Project Background
A Databricks field engineering team is helping a large fintech customer standardize how its data science and ML teams build and deploy GenAI and predictive ML workloads on the Databricks Data Intelligence Platform. Today, teams use inconsistent Apache Spark cluster policies, ad hoc MLflow tracking setups, and separate dev/qa/prod workspaces, which has led to rising compute spend, weak governance, and slow releases.
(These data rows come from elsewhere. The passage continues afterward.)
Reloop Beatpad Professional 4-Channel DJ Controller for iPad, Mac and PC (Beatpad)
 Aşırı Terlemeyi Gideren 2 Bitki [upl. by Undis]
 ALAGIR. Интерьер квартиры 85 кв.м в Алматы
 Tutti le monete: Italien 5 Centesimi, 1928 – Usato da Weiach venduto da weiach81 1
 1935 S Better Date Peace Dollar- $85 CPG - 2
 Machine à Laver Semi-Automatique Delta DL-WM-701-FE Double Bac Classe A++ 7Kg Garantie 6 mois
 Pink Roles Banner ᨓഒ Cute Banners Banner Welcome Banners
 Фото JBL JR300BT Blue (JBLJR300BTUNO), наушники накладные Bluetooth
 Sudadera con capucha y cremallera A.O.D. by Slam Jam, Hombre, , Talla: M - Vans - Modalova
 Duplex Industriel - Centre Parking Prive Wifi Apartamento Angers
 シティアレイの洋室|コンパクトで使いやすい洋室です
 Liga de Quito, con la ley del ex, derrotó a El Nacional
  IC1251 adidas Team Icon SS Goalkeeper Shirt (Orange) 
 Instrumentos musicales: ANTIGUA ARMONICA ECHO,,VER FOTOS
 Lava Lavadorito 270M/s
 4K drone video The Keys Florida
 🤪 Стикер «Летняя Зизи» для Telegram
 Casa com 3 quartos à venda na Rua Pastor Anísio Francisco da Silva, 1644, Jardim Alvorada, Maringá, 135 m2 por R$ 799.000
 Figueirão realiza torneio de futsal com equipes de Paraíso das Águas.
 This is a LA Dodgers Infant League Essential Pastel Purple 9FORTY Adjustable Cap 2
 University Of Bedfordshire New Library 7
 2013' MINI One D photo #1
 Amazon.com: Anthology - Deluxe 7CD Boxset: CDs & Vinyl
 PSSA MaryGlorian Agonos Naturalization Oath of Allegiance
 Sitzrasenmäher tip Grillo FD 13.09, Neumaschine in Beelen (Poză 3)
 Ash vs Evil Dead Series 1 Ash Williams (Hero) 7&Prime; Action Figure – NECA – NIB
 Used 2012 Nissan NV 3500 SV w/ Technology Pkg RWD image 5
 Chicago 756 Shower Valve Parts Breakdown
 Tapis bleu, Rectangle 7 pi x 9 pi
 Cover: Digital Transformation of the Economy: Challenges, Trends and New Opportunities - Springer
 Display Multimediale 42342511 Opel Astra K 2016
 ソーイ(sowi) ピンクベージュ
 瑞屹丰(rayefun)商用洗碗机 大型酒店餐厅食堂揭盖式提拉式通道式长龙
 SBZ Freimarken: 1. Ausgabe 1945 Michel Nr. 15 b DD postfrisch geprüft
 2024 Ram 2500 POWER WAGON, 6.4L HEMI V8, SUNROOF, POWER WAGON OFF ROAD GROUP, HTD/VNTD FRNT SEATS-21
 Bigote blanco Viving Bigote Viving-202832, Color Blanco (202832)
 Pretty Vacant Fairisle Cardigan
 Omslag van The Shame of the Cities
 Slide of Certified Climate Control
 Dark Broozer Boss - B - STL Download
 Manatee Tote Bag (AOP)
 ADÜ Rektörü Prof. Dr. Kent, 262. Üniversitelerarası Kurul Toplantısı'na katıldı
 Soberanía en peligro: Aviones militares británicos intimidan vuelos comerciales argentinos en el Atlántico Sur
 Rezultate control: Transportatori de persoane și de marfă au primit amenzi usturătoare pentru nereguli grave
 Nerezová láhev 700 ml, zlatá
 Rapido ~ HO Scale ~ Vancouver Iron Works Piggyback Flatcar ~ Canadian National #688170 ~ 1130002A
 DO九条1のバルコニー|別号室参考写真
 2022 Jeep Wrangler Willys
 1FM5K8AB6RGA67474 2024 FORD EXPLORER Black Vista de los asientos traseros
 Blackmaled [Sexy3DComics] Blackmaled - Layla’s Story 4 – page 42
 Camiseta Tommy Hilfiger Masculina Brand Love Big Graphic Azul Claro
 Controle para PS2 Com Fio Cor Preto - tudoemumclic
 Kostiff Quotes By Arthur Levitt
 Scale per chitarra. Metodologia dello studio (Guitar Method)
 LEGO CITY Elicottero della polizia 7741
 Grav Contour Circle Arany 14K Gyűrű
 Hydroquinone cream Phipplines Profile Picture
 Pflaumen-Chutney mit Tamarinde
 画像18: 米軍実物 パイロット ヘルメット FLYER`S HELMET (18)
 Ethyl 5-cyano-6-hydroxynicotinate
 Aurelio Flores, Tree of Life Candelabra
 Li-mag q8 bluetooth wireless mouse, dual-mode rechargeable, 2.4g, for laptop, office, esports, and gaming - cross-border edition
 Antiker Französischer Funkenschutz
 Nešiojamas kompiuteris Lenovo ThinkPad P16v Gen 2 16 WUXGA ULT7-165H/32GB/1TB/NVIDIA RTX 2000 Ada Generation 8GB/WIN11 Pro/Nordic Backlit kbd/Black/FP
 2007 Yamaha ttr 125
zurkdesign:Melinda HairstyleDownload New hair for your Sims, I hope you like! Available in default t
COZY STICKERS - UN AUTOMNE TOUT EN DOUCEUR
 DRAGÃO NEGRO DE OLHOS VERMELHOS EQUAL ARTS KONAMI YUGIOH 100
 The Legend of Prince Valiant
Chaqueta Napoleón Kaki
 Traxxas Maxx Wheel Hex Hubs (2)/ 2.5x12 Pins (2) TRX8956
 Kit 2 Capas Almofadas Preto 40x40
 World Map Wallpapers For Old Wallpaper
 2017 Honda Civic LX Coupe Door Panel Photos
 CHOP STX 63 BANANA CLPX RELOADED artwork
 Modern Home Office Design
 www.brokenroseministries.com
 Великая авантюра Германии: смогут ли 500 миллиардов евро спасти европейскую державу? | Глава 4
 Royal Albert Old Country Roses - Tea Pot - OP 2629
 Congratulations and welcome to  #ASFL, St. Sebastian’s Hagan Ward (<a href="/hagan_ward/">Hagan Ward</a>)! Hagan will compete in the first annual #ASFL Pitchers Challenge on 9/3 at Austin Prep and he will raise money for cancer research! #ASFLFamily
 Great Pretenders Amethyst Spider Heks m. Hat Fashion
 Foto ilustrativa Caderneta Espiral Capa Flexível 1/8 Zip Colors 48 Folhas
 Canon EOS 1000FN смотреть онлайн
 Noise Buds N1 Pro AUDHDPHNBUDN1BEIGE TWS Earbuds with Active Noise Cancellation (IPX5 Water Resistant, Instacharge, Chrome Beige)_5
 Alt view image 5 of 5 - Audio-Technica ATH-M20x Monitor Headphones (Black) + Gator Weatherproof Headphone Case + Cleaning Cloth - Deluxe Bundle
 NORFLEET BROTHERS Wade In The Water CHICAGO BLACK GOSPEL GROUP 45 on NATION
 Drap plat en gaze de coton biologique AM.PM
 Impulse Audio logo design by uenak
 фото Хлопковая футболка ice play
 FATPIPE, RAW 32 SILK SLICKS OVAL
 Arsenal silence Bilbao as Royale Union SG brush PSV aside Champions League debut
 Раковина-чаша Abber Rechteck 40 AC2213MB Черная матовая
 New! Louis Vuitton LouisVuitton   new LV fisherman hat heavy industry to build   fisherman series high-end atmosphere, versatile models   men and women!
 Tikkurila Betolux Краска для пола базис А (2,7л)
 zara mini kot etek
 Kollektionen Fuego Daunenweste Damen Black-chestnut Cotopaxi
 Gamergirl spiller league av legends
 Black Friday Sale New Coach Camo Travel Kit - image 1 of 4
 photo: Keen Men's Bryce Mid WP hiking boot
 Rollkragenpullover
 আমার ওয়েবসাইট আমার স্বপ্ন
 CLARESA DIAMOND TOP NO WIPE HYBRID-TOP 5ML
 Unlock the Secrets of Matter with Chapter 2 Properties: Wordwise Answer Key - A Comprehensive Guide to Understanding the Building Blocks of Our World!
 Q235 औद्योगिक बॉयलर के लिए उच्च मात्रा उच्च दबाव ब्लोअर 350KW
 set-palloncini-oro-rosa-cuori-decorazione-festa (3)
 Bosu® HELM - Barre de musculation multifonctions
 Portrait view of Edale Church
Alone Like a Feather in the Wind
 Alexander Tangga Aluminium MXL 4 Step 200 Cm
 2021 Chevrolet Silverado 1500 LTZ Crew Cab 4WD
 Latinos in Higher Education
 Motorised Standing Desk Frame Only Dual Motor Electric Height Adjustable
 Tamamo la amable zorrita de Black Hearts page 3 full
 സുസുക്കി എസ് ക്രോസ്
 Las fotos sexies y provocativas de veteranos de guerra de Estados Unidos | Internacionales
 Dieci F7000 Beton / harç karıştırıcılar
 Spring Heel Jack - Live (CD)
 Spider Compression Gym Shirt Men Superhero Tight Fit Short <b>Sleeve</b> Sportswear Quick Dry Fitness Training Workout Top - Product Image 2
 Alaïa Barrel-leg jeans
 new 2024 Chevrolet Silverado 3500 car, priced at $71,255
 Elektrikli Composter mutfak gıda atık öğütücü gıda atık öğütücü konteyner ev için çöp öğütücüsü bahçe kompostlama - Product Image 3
You are the AI Engineer leading execution for a 12-week program involving 16 people across platform engineering, data science, ML engineering, security, and analytics. The customer wants a production-ready operating model for Spark, pyspark, spark streaming, Mosaic AI experimentation, Databricks Model Serving, and RAG applications using Databricks Vector Search and the Databricks Agent Framework before the next quarterly business review.
Key Stakeholders
The Head of Data Science wants flexible GPU access for DBRX and Foundation Model APIs experimentation. The Platform Engineering Manager wants strict cluster policies, budget caps, and fewer workspace exceptions. The Security Architect requires all assets governed through Databricks Unity Catalog and tighter approval workflows across dev/qa/prod. The VP of Product wants one customer-facing support copilot launched this quarter.
Constraints
- Timeline: 12 weeks
- Budget: $420K remaining this quarter, including compute and contractor support
- Team: 16 people; no net new full-time headcount
- Existing estate: 3 workspaces, 42 active notebooks, 11 MLflow experiments, 2 spark streaming pipelines, 1 RAG pilot
- Target launch: production support copilot serving 8,000 internal agents by week 12
Complications
- Security has paused promotion of new models to prod until Unity Catalog lineage and access controls are standardized.
- Data scientists are already using oversized all-purpose clusters, and monthly Databricks spend is 28% over forecast.
- The support copilot pilot shows inconsistent groundedness and faithfulness in MLflow Agent Evaluation using llm-as-judge.
Your Task
- Define a 12-week execution plan for compute standardization, governance policy rollout, and dev/qa/prod workflow design.
- Propose how you would align stakeholder priorities and handle trade-offs between experimentation speed, cost, and control.
- Specify the environment, approval, and release process for Spark jobs, Mosaic AI assets, Model Serving endpoints, and vector search index updates.
- Identify the top risks, escalation points, and rollback criteria for the production launch.
- Define success metrics for cost, compliance, delivery speed, and launch quality.